Pick one of these “new forms” – one that stands out to you – and spend a moment mapping out what your transformed fairytale would look like.

 

Image by Yuri_B on Pixabay

 

Now take a look at your transformed fairytale, and consider these two questions:

  1. What makes this new, adapted story the same story as the original tale?
  2. What did you change, and why?

It’s likely that you kept certain “elements” of the original story: perhaps a character, a plot development, a theme or message, a setting or world. James Paul Gee uses the term story elements to describe the way stories work in video games. He identifies certain “elements” – actors, objects, actions, states, and events – of which stories are composed, and which in the context of video games become items that the player manipulates as they interact with the storyworld (Gee 2005: 59). I find Gee’s idea of story elements to be relevant outside the space of video games as well. In adapting your fairytale, you probably identified “elements” that you felt were important to the story – from objects (the poisoned apple of Snow White) to settings (the subarctic snowscapes of The Snow Queen) to plot developments (Beauty falling in love with the Beast).

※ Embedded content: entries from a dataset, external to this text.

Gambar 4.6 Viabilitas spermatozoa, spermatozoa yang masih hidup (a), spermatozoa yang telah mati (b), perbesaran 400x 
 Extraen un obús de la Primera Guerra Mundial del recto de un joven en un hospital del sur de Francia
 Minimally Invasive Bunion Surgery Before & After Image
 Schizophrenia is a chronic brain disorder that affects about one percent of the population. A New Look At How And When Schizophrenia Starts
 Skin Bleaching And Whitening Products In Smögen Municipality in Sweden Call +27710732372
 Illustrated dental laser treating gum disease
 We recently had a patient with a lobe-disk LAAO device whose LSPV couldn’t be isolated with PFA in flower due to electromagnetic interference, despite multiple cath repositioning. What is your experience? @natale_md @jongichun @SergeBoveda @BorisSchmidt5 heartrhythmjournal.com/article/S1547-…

However, when you re-housed the story in a new genre or a new format, you also changed particular elements to suit the story’s new home. Maybe you altered the gender, age, personality, or actions of the main character, or transformed a previously marginalised character into the hero. Maybe you modernised the world or darkened the themes. If you were adapting your fairytale as a Netflix drama, you probably thought about extending and complicating the narrative so that it suited the new format – but if you were reimagining your fairytale as an image or a three-picture-story, you found ways to simplify or condense the narrative into recognisable visual features. If you were adapting your fairytale into a news story, you would have changed the way you delivered information to your reader – you probably told the end of the story first, to suit the conventions of newswriting which demand that the most important information (the who, what, where, and when) appears at the beginning of the story. Perhaps, keeping in mind the focus of the previous chapter, you thought about your audience – were you shifting the fairytale from a child to an adult audience, and if so, what narrative transformations did this require or unlock?

This exercise tells us three very important things about storytelling.

  1. Stories contain particular elements that contribute to the pleasures they offer.
  2. Stories transform and can be retold – and when they are retold, they offer a combination of new and familiar narrative pleasures.
  3. Storytelling is a communication process that extends far beyond the classic fairytale or bedtime picture-book. Storytelling is relevant to communicators of all sorts: photographers, journalists, screenwriters, performers, artists, influencers, and more.

This chapter is about storytelling, and its inclusion in this book acknowledges that storytelling is a fundamental and vital part of human communication: it is at once a skill, a strategy, and also something deeper – an implicit relationship between communicator and audience. And as a fundamental and vital part of communication, storytelling is both familiar and challenging. On the one hand, telling stories is something we do all the time, at multiple points in our daily life (have you told a story today? You probably have!). On the other hand, it’s a craft and a skill that can take years to learn and can be difficult to get right. But when we do get it right, good storytelling can change the world.